В конце 1924 года Маяковский писал:
Париж
фиолетовый,
Париж в анилине,
вставал
за окном «Ротонды».
Маяковский увидал «Ротонду», которую осматривали туристы, как достопримечательность — не паршивое, вонючее кафе, а памятник старины, отремонтированный, расширенный, заново выкрашенный. Иностранцы приходили и слушали объяснения гидов: «За этим столиком обычно сидели Гийом Аполлинер и Пикассо… Вот в том углу Модильяни рисовал присутствовавших и отдавал за рюмку коньяку рисунок…»
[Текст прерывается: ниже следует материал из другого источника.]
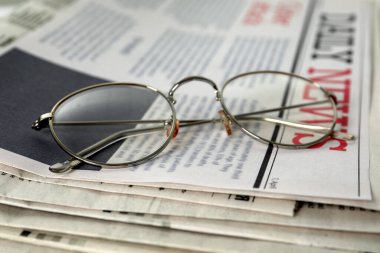 Gözlükler gazete yığınında, yakın çekim görüntüsü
Теперь и туристов водить некуда: вместо «Ротонды» построили кинотеатр. Только в киностудиях иногда восстанавливают бутафорскую «Ротонду»: изготовляют фильмы о бурной и загадочной жизни «последних представителей богемы». Картины получаются вздорные даже не потому, что герои не напоминают прототипов, а потому, что у постановщиков нет ключа к тем мыслям и чувствам, которые воодушевляли посетителей «Ротонды».
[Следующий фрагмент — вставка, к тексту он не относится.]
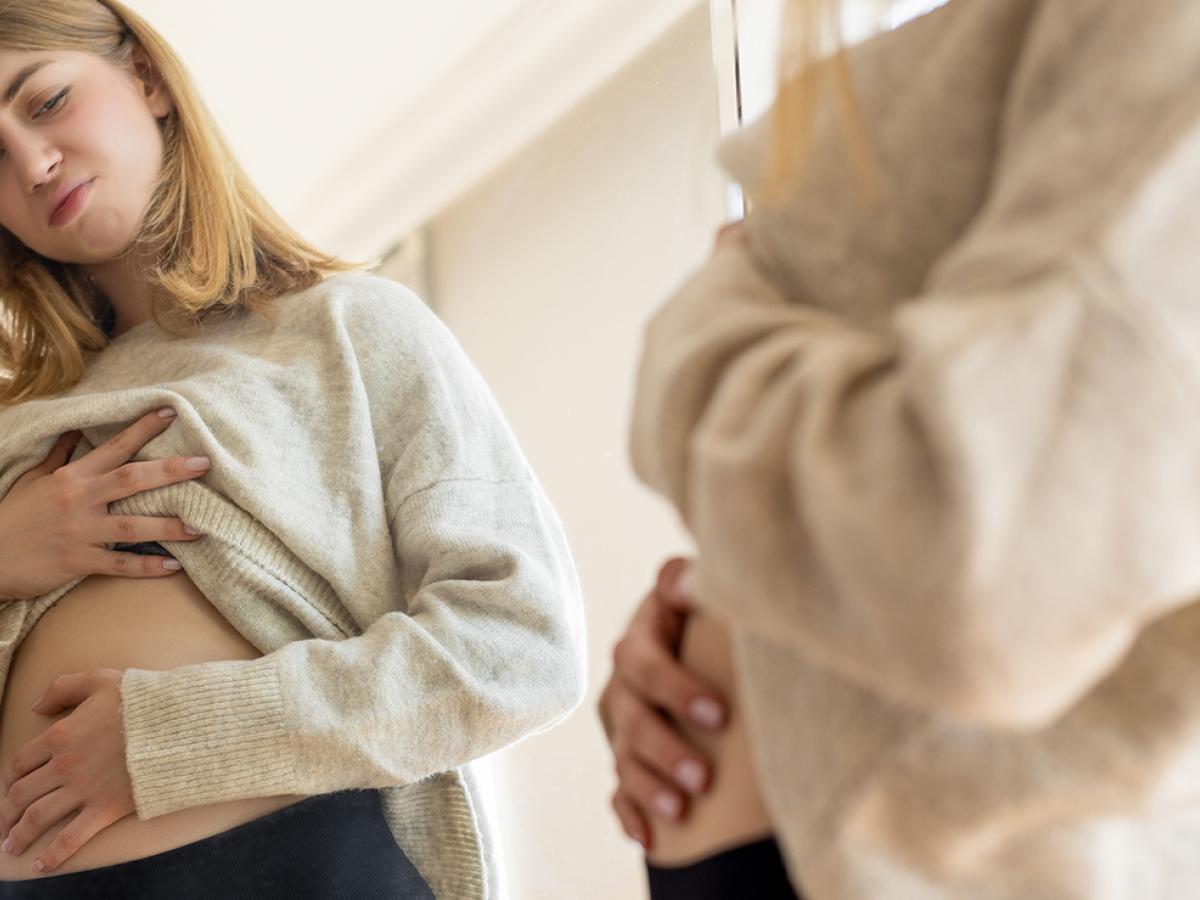 A woman looking at her stomach in the mirror.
Кафе напоминало сотни других. У цинковой стойки извозчики, шоферы такси, служащие пили кофе или аперитивы. Позади была темная комната, прокуренная раз и навсегда, десять — двенадцать столиков. Вечером эта комната заполнялась; стоял крик: спорили о живописи, декламировали стихи, обсуждали, где достать пять франков, ссорились, мирились; кто-нибудь напивался, его вытаскивали. В два часа ночи «Ротонда» закрывалась на один час; иногда хозяин разрешал завсегдатаям, если они вели себя пристойно, просидеть часок в темном пустом помещении — это было нарушением полицейских правил; в три часа кафе открывалось, и можно было продолжать невеселые разговоры.
Владелец кафе Либион не мог представить себе, что его имя попадет в историю живописи. Это был добродушный толстый кабатчик, который купил небольшое кафе; случайно «Ротонда» стала генеральным штабом разноязычных чудаков, или, как говорил Макс Волошин, «обормотов», поэтов и художников, из которых некоторые впоследствии стали знаменитыми. Будучи обыкновенным средним буржуа, Либион вначале косо поглядывал на весьма странных клиентов; кажется, он принимал нас за анархистов. Потом он к нам привык, даже полюбил нас. Кто-то сказал ему, что некоторые люди разбогатели на живописи: покупали за гроши картины у никому не известных художников, а двадцать лет спустя продавали их за большие деньги. Идея такого заработка не очень соблазняла Либиона; как-то он сказал мне, что не любит азартных игр, а покупать картины — это лотерея: хорошо, если из тысячи художников один выйдет в люди. Он предпочитал зарабатывать на напитках. Конечно, порой он брал рисунок Модильяни за десять франков — ведь блюдечек гора, а у бедняги нет ни одного су… Иногда Либион совал пять франков поэту или художнику, сердито говорил: «Найди себе бабу, а то у тебя глаза сумасшедшие…» На его нижней губе неизменно красовался окурок погасшей сигареты. Ходил он по большей части без пиджака, но в жилетке.